WS-I compliance options

[Jacques Durand <JDurand@us.fujitsu.com>]

Title: WS-I compliance options

Here is a first cut at the basic decisions I see we'll need to make
regarding the WS-I compliance of ebMS V3.0.

I am identifying below the basic issues we are facing, and simply list some
options we have in addressing them. So we can discuss these and narrow the options
before going further.

Jacques

WS-I BP compliance issues:

1. --- Level of enforcement of Profile conformance:

(A) we just make sure the MSH generates profile-conformant message material, but we ignore material that is not generated directly by the MSH, and for which we

can rely on the providing 3rd party for conformance (i.e. don't check received messages, or SOAP body passed to an MSH by its sender app for sending).

So the only messages that would be entirely verified are those totally generated
by an MSH, e.g. Ack signals.

(B) in addition to checks done in (A), we "embed" profile conformance rules (to some degree) for material not generated by the MSH , i.e. received messages, and also SOAP body passed from the user layer (sending side), and flag an error for at least the most obvious profile violations.

(C) A variant to (B) is to support this as an optional verification service, controlled by some header content.

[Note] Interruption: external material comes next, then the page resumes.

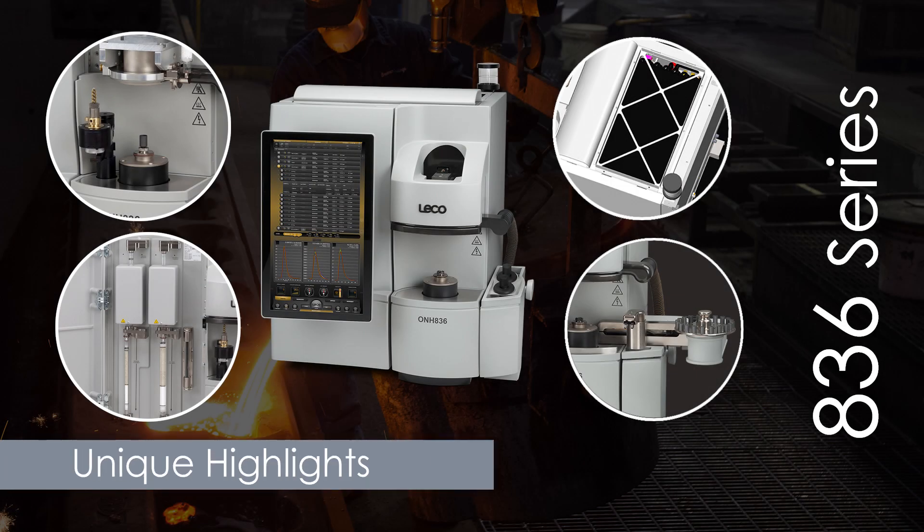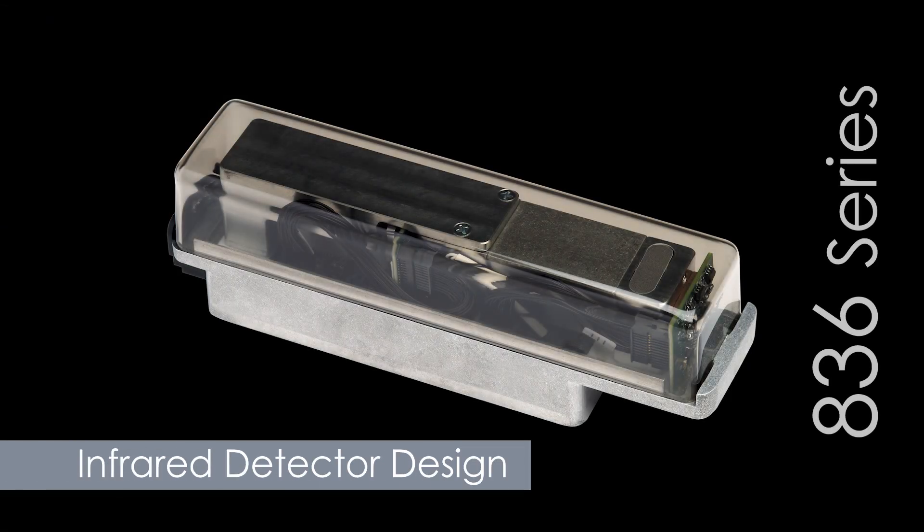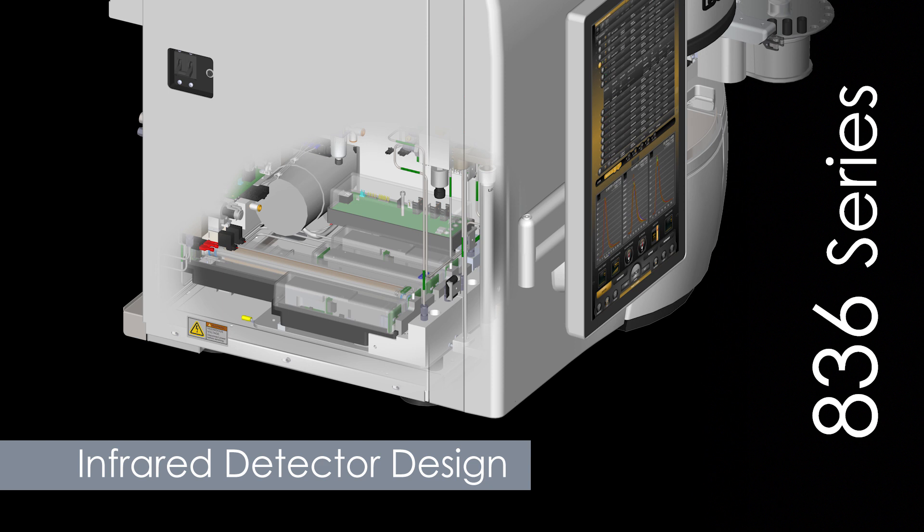Now let's look at some of this instrument's other unique highlights, all coming together to provide dependable results. A novel electrode design increases furnace heat transfer efficiency for greater system stability. The 836 series features an improved infrared detector design with thermostatic construction, increasing protection from ambient temperature fluctuations. Optimized emitter control and detection circuitry improves the IR cell lifetime and long-term stability, resulting in superior accuracy and precision.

2. --- Which profile should ebMS messages be conforming to:

Sol #1: Use some "inference" rules: e.g. if no attachment is used (no MIME)then "SimpleSOAP 1.0" profile should be the target. If some MIME envelope is there,

 the Attachments Profile (AP 1.0) should be the target.
We can only decide of this when looking at the message one by one.

Sol #2: Or, should a CPA entry specify which Profile should be complied to ?

3. --- WSDL references:

Some Profile requirements need to correlate message content and WSDL content.

(A) Ignore these. Assuming that an MSH is not supposed to know about WSDL asociated with its messages, the MSH will then ignore these rules.

(B) try to do some inferencing, or narrow the profile "options": e.g. we assume the binding is doc-lit (or this could be part of CPA-configured profile requirements). Or, if some synchronous business response is expected,

we assume conformance rules that apply to a WSDL req-resp operation type should apply.

4. --- Level of intrusion in SOAP envelope.

Several profile requirements are about the content of the SOAP body.

Approach #1: leave this out of scope of the MSH: user layer supposed to
handle this aspect of Profile conformance. We only care about this for the messages the MSH is gnerating all by itself (e.g. Acks).

Approach #2: stronger: make this verification an (optional) payload service?

Approach #3: stronger: make this verification built-in the MSH? (would not do this because new profiles may appear later? Or would that be time for a new ebMS version when that occurs?).

5. --- HTTP requirements

These obvioulsy only apply when using HTTP transport. So when the ebMS
binding is not HTTP, should:

(A) all profile reqs implementated in MSH be voided (at least those used to "verify", if not those used to "create" message material) since current WS-I profiles are about HTTP.

(B) only those reqs that relate to HTTP be NOT applied.